Interdisciplinary History 34.4:513-38.

Weaver, P. R. C. 1967. “Social Mobility In The Early Roman Empire: The Evidence Of The

Imperial Freedmen And Slaves.” Past and Present 37.1:3-20.

 

5 thoughts on “Khang Le”

  1. Khang – Your topic of freedmen in the Satyrica is an excellent one and you have gathered together lots of good evidence to support your argument that the behavior of freedmen is being criticized. For your next steps, you may want to focus a bit more on integrating your secondary sources into your argument. I would be interested to hear more about differing views on this topic, if they are there, and how they interact with your own argument.
    I would contextualize a bit more at the paper’s opening, so that readers who have not just read the Satyrica are ready for your quote. Also, check the Latin. Do you mean “accedere” instead of “accede”? Also, for “tam facile est quam” you need “as easily as…” with no comparative. That does not diminish the quote’s usefulness for your purposes.
    Rather than “is not a genuine representation” just be positive — what is it that the work shows us about freedmen? The word “genuine” unnecessarily opens a can of worms, for it encourages asking whether any representation can be genuine and you don’t need to go there.

    • Thank you for your comments, Professor Ancona.
      Most of my secondary sources deal either with the portrayal of literacy and language within the Cena, or with the place of freedman in Roman society; the only article I could find that directly discusses the connection between the two was Ramsby’s 2012 article, in which she compares the freedman’s portrayal to the derogatory portrayal of African Americans in media before the civil rights movement.
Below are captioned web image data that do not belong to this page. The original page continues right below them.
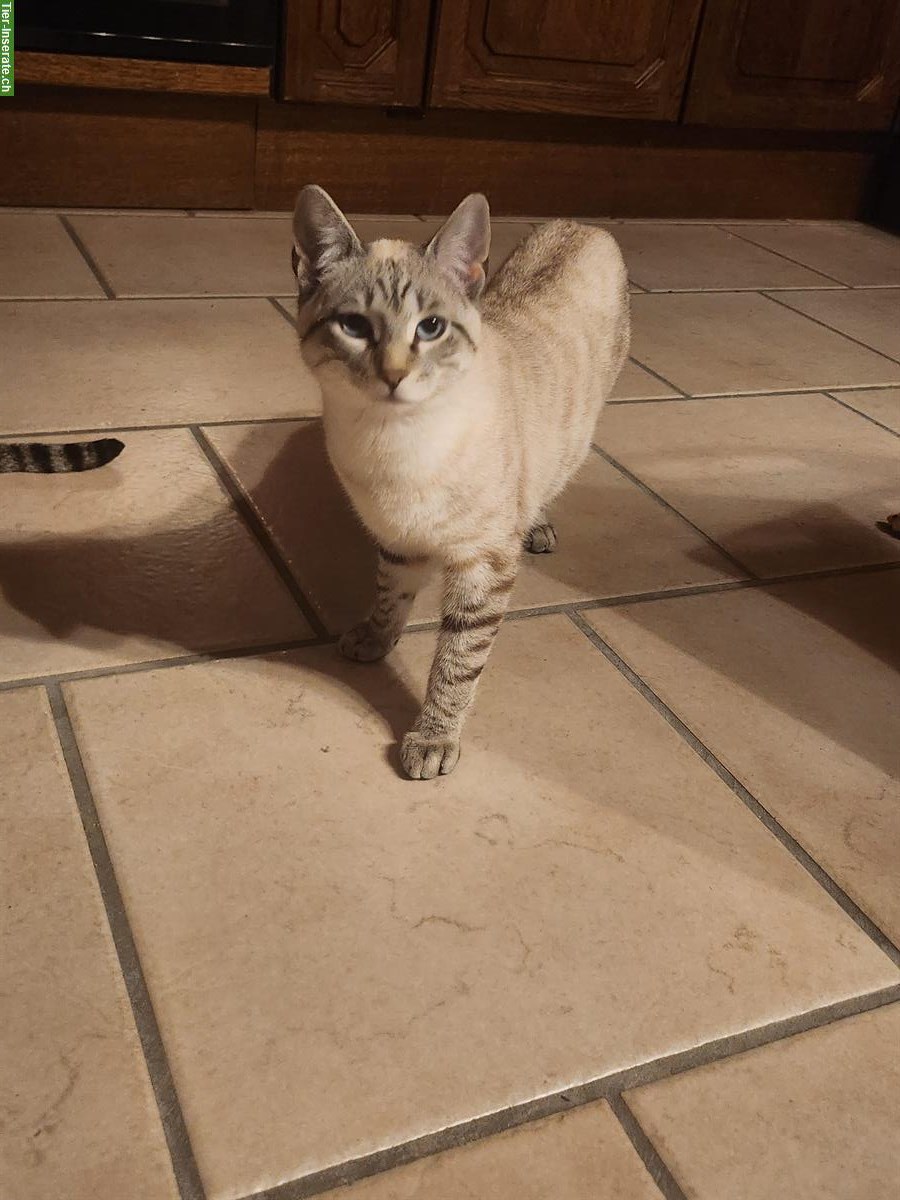 1-jähriger Begal-Mix Kater, Seal Mink, abzugeben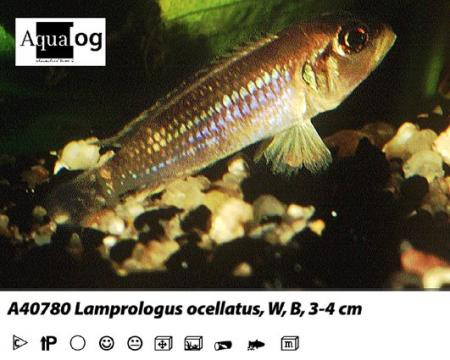 Lamprologus ocellatus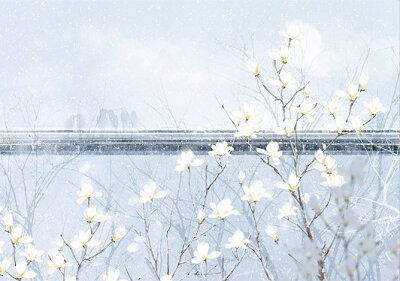 [古风插画]——无常 【梨花.花卉】绘师:不过灯花瘦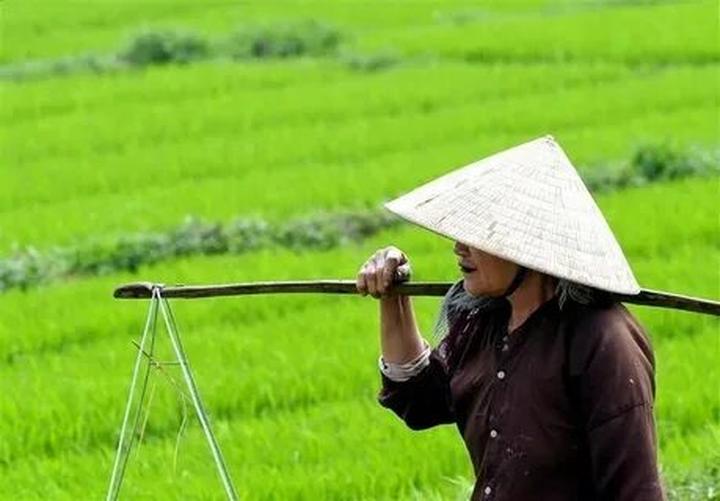 Chuyên gia Hotspot Matrix phân tích: Chụp ảnh xinh như “nàng thơ” và marketing video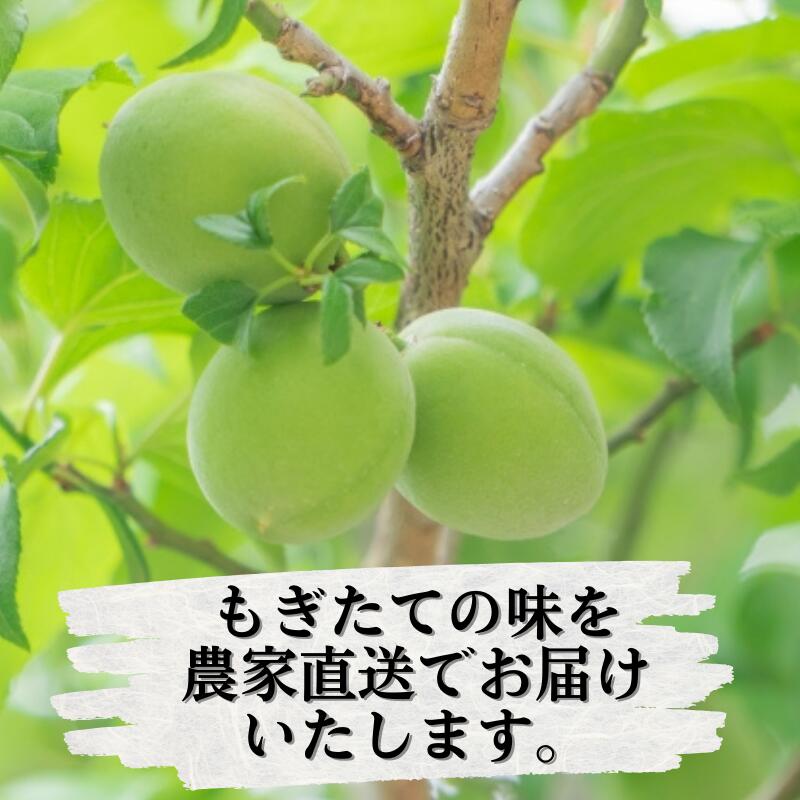 青梅 厳選 南高梅 1kg+250g（痛み補償分） / 梅 梅ジュース 梅酒 梅干し 高級 和歌山 ※5月~6月発送予定 ※北海道・沖縄・離島への配送不可 【ikd508-p-1G】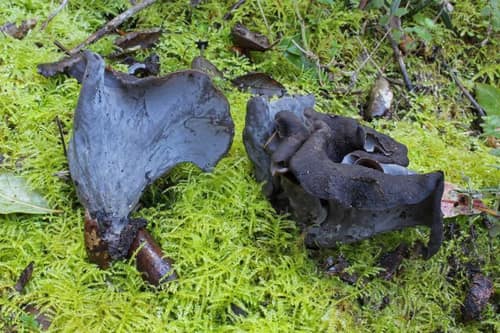 Black Chanterelle reference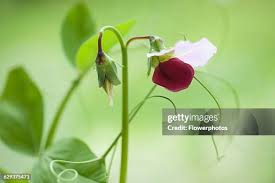 Attēlu rezultāti vaicājumam “Pisum sativum flower”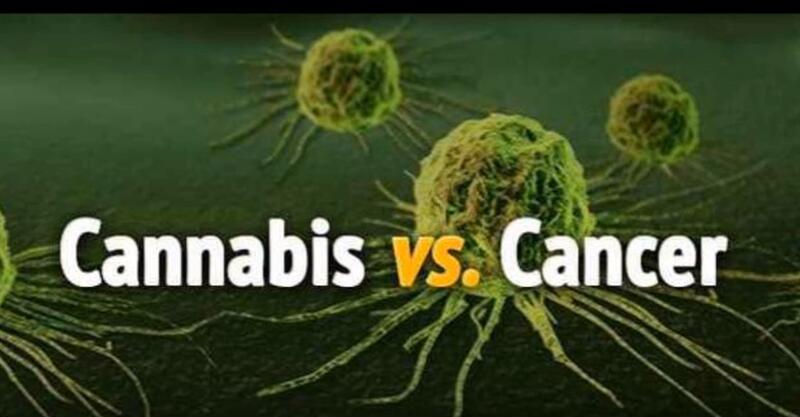 How cannabis oil cures cancer ?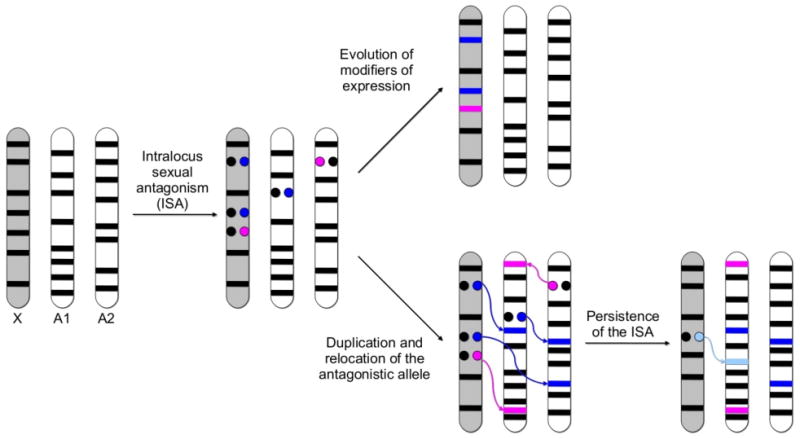 Figure 1 Box 3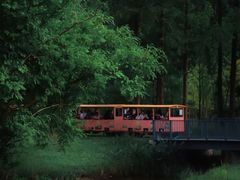 -黄海国家森林公园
I would very much like to find more scholarship about this topic and research more about the attitudes of discontented aristocrats.
      As for the Latin, “accede” is used in the text, as an imperative exclamation mid-sentence. I chose to translate “tam facile est quam” not as a correlative, which is more common, but as comparison between two positive ideas with “quam,” as described in the note of Allen and Greenough’s section 292a. I thought this “rarer and less elegant” use was more fitting with the freedmen’s unconventional dialogue, but the translation “as easily as” is also, if not more, appropriate.
      What I meant to convey by “is not a genuine representation” is that freedmen in the Cena are entirely creations of Petronius, and are not based on any specific people. I could reword this phrase to make my intended meaning more clear.
      Thank you again for your comments. I look forward to discussing these points with you further.
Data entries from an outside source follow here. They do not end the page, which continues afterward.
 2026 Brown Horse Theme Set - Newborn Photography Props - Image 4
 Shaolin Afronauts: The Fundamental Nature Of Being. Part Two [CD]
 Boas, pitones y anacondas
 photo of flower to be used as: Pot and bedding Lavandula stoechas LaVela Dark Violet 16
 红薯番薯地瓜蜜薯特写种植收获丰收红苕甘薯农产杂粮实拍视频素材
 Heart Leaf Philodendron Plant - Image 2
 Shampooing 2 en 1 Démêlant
  2. This is a very nice essay, Khang. I learned a lot about the status of freedmen in the early Empire and the anxiety felt by members of the traditional Roman upper classes because of the freedmen’s increasing power. Would it be possible for you to bring in some more primary sources that testify to the anxiety of the traditional nobility? I notice that you cite Tacitus at the end of your paper. Perhaps his historical writings and Seneca’s letters might be good places to look for contemporary (or near-contemporary in the case of Tacitus) evidence for how the Roman elite felt about the rise of the freedmen. I’m sorry that I cannot help you with specific passages.
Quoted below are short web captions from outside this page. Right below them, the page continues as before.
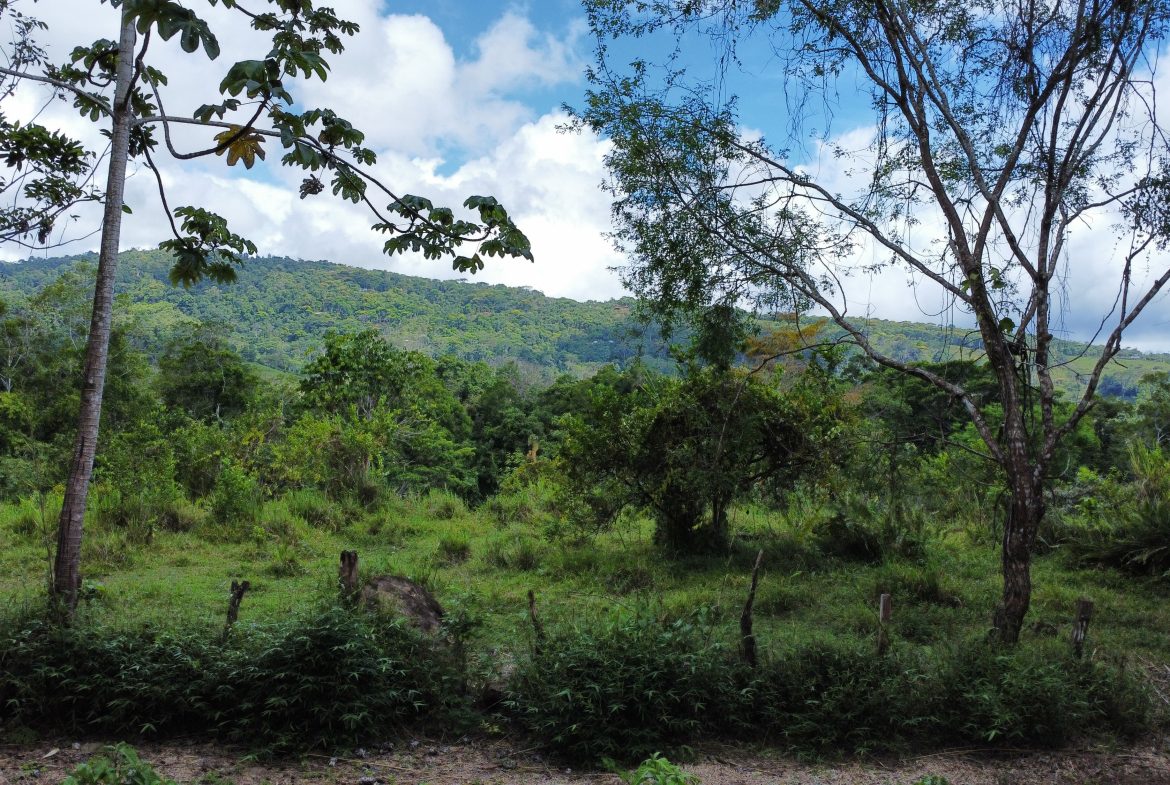 ABSOLUTELY FLAT JUNGLE LOT WITH MOUNTAIN VIEWS – DIAMANTE VALLEY – 2.48 ACRES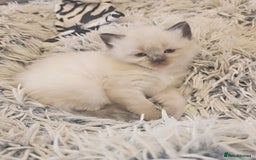 Ragdoll cats for sale: *READY TO LEAVE*beautiful Ragdoll babies for sale  - Image 13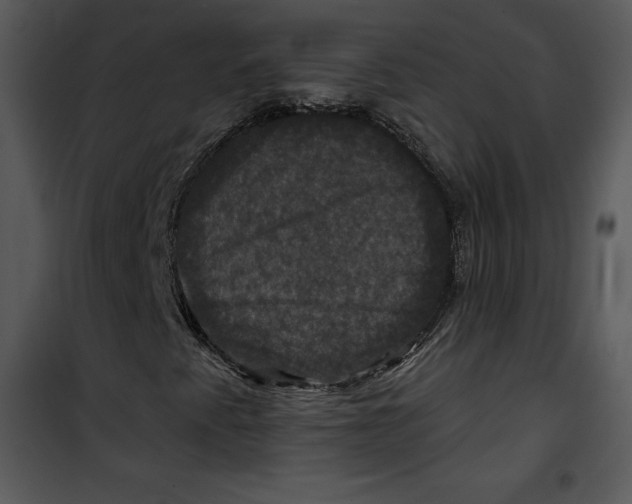 X0000100891345200807220942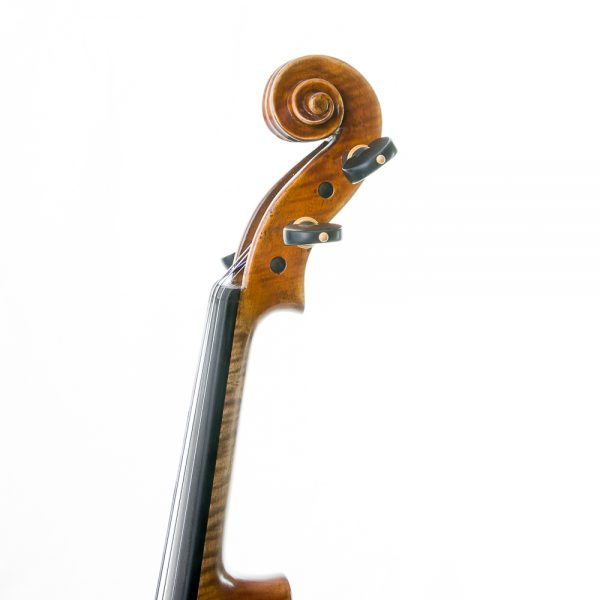 violin profesional antonio wang verona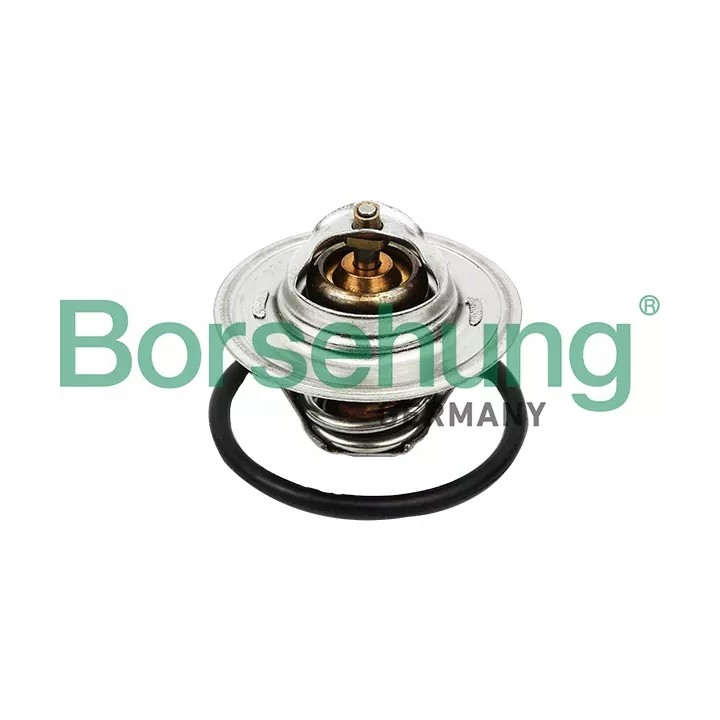 TERMOSTAT BORSEHUNG AUDI A3 VW GOLF PASSAT SKODA SUPERB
    On the whole, I thought that your arguments were well-reasoned and well-written too! I’m looking forward to meeting you at the symposium.

    • Thank you for your comment, Douglas. I would also like to find more evidence of the traditional nobility’s anxiety toward the freedmen. I know Tacitus often wrote against freedmen, but I haven’t yet found more examples. More primary sources would help to strengthen my argument.
      Thanks for your advice; I look forward to speaking with you.